### Exercise details
When you reach the line containing "BERND WOLF Swing" in the entries below, begin reproducing lines exactly, and stop once the line containing "Chromium browser bookmarks" is done.

### Recorded data
------------------------
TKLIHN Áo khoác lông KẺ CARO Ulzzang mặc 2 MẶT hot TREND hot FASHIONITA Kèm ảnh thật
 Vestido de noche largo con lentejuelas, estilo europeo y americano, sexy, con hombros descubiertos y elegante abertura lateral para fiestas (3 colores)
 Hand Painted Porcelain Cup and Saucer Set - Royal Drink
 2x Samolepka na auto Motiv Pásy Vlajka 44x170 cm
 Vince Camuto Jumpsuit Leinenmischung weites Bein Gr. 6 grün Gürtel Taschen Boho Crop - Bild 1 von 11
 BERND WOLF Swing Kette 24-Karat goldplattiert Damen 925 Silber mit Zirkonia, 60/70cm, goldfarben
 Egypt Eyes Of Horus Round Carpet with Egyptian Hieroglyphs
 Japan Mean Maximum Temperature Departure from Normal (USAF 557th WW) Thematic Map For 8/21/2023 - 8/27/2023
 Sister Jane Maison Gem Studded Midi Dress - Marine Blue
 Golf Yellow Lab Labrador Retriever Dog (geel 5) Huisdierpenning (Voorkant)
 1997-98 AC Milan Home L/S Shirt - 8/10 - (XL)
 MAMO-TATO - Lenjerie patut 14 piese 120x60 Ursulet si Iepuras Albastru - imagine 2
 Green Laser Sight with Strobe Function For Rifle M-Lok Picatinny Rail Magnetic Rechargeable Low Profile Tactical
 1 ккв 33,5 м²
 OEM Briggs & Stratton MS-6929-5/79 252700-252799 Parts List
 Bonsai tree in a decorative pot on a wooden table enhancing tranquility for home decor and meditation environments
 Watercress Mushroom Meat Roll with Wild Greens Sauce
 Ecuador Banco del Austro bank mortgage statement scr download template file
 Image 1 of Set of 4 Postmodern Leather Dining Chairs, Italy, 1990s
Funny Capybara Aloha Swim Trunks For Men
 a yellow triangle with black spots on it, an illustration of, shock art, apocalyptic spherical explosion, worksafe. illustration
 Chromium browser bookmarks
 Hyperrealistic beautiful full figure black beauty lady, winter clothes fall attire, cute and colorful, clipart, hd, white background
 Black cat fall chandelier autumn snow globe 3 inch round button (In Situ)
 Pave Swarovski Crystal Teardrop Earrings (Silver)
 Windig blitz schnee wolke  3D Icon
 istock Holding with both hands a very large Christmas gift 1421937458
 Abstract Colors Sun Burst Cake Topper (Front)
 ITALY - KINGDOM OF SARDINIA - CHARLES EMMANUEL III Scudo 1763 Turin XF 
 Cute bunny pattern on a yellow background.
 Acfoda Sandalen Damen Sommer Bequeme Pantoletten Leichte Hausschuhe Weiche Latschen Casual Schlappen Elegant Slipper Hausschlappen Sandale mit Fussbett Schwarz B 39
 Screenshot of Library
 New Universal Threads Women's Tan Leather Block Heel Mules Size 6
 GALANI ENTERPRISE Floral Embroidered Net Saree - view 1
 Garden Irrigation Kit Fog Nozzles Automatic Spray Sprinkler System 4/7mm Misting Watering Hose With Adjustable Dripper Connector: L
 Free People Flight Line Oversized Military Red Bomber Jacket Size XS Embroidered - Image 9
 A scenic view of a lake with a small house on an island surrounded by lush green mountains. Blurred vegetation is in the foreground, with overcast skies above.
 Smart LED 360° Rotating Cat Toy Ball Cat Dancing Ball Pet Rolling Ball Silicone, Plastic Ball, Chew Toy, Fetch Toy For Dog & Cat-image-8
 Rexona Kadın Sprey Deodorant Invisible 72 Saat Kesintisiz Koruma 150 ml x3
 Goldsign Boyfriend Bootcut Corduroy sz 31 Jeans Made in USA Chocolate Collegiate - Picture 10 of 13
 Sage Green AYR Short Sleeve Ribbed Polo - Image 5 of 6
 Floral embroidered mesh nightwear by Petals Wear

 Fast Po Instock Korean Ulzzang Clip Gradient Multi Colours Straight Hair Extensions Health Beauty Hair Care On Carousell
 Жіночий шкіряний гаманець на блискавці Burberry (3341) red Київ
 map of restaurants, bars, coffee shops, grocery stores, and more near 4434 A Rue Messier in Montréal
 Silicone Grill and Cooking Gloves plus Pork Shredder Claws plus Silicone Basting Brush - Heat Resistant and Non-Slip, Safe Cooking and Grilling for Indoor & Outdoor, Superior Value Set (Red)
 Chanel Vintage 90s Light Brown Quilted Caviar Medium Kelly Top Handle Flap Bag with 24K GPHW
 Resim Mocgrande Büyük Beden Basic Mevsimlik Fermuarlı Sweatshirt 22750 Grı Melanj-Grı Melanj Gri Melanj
------------------------
### Written solution
 BERND WOLF Swing Kette 24-Karat goldplattiert Damen 925 Silber mit Zirkonia, 60/70cm, goldfarben
 Egypt Eyes Of Horus Round Carpet with Egyptian Hieroglyphs
 Japan Mean Maximum Temperature Departure from Normal (USAF 557th WW) Thematic Map For 8/21/2023 - 8/27/2023
 Sister Jane Maison Gem Studded Midi Dress - Marine Blue
 Golf Yellow Lab Labrador Retriever Dog (geel 5) Huisdierpenning (Voorkant)
 1997-98 AC Milan Home L/S Shirt - 8/10 - (XL)
 MAMO-TATO - Lenjerie patut 14 piese 120x60 Ursulet si Iepuras Albastru - imagine 2
 Green Laser Sight with Strobe Function For Rifle M-Lok Picatinny Rail Magnetic Rechargeable Low Profile Tactical
 1 ккв 33,5 м²
 OEM Briggs & Stratton MS-6929-5/79 252700-252799 Parts List
 Bonsai tree in a decorative pot on a wooden table enhancing tranquility for home decor and meditation environments
 Watercress Mushroom Meat Roll with Wild Greens Sauce
 Ecuador Banco del Austro bank mortgage statement scr download template file
 Image 1 of Set of 4 Postmodern Leather Dining Chairs, Italy, 1990s
Funny Capybara Aloha Swim Trunks For Men
 a yellow triangle with black spots on it, an illustration of, shock art, apocalyptic spherical explosion, worksafe. illustration
 Chromium browser bookmarks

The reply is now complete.